In the listing below, print exactly the lines between the line holding "You might experience" and the line holding "Looking at the", inclusive, and no more.

** Opening Provided records block **

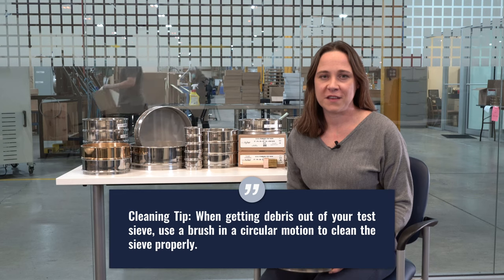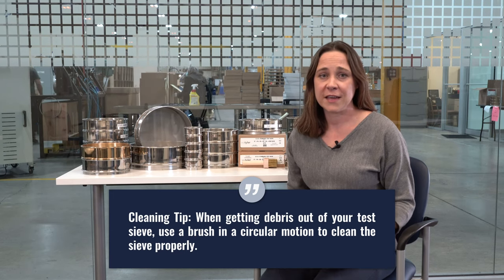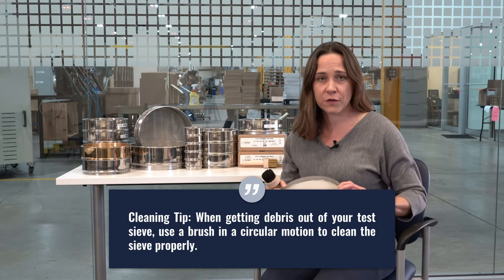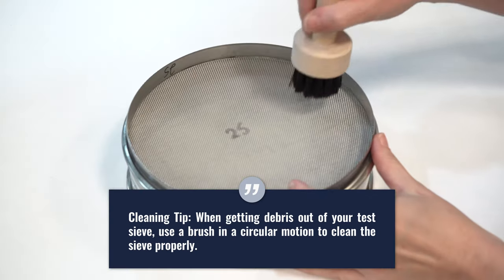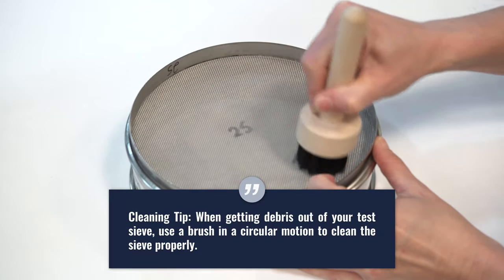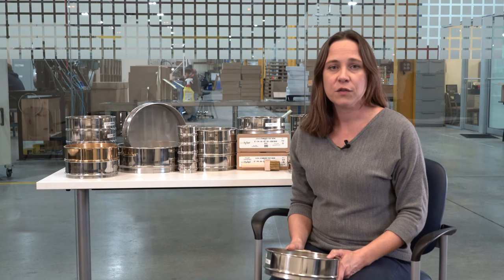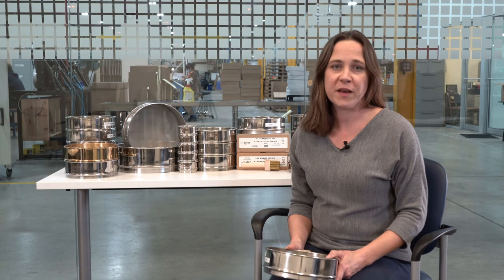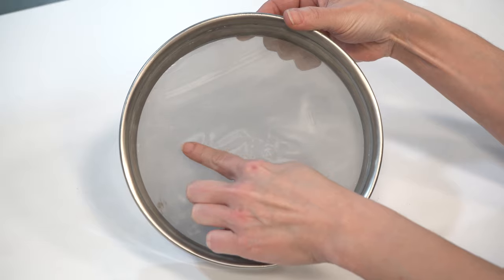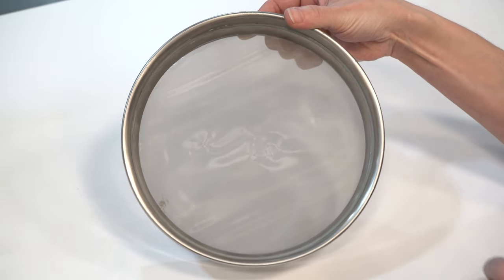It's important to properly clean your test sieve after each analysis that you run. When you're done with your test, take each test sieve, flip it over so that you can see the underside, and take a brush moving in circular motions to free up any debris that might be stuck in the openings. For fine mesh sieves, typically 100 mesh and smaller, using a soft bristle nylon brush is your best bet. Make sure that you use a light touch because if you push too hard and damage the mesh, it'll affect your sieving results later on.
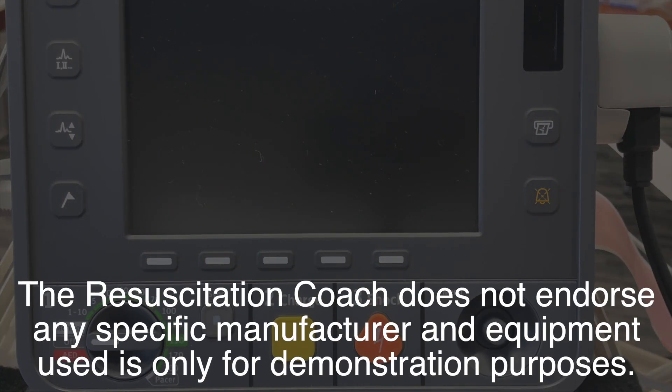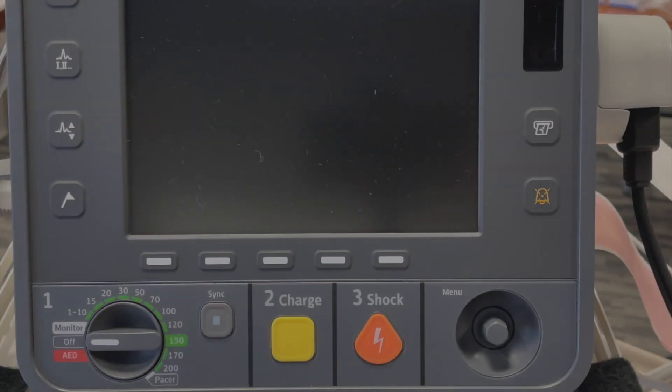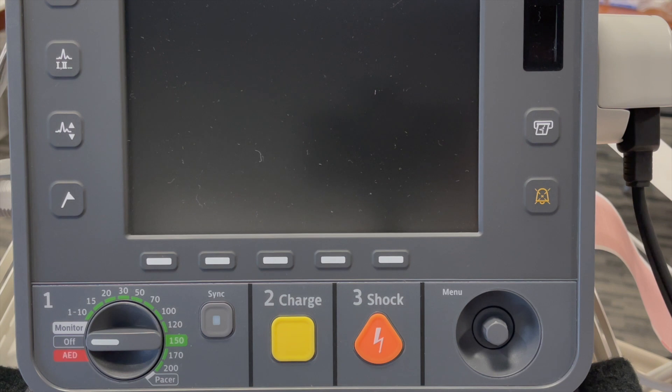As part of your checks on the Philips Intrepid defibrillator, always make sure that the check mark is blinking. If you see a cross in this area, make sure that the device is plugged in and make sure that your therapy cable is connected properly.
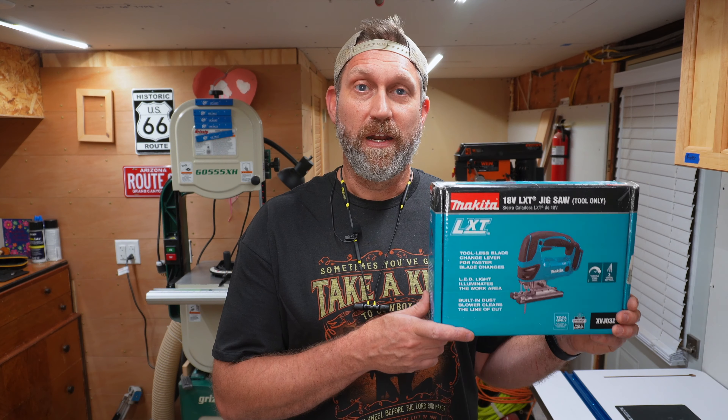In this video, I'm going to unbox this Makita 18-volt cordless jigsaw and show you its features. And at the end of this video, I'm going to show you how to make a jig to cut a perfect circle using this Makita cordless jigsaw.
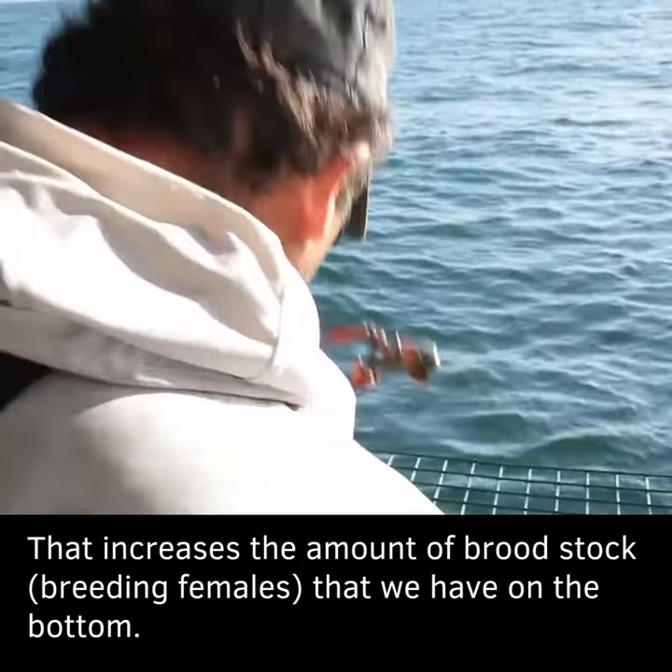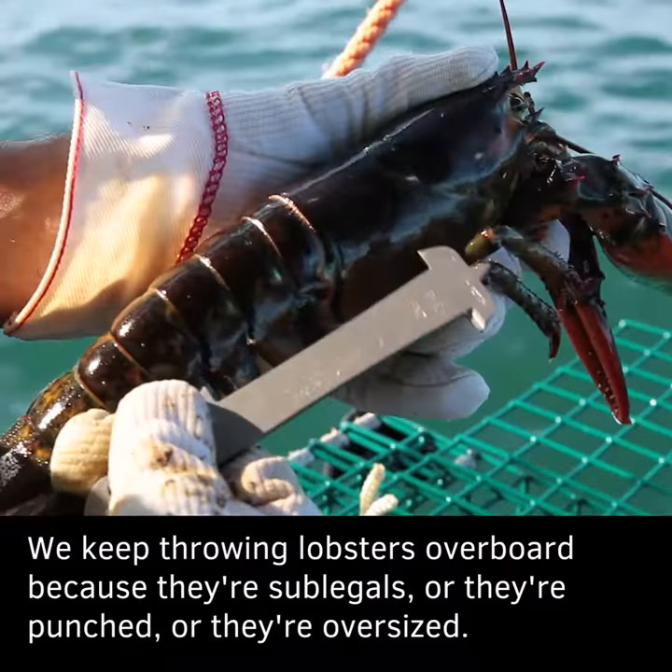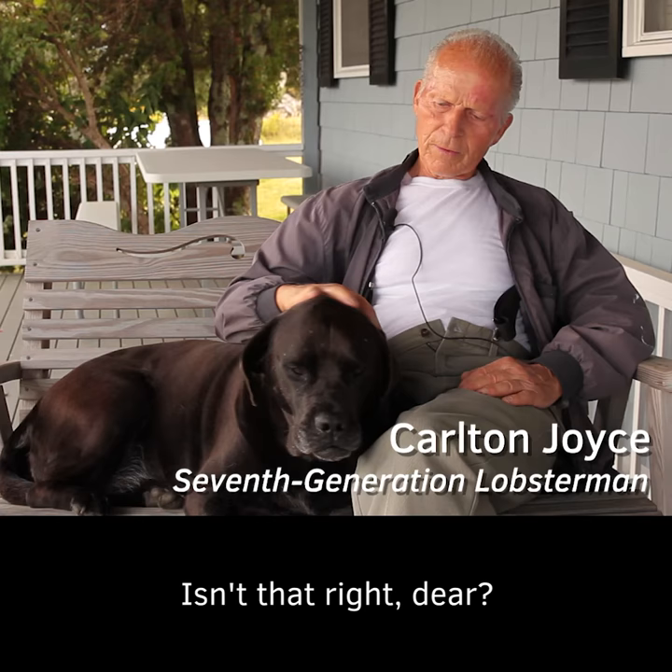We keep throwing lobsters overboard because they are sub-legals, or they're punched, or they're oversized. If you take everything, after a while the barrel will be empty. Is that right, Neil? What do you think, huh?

** Closing Provided records block **
** Opening Provided records block **

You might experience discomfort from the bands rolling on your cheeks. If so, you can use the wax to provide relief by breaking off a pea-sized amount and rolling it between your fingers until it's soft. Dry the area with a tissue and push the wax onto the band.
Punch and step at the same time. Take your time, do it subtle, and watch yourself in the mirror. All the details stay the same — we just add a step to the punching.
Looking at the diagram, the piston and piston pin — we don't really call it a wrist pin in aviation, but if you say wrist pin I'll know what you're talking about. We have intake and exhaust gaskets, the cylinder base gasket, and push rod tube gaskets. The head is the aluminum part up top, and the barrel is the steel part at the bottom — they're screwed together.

** Closing Provided records block **

Response box:
You might experience discomfort from the bands rolling on your cheeks. If so, you can use the wax to provide relief by breaking off a pea-sized amount and rolling it between your fingers until it's soft. Dry the area with a tissue and push the wax onto the band.
Punch and step at the same time. Take your time, do it subtle, and watch yourself in the mirror. All the details stay the same — we just add a step to the punching.
Looking at the diagram, the piston and piston pin — we don't really call it a wrist pin in aviation, but if you say wrist pin I'll know what you're talking about. We have intake and exhaust gaskets, the cylinder base gasket, and push rod tube gaskets. The head is the aluminum part up top, and the barrel is the steel part at the bottom — they're screwed together.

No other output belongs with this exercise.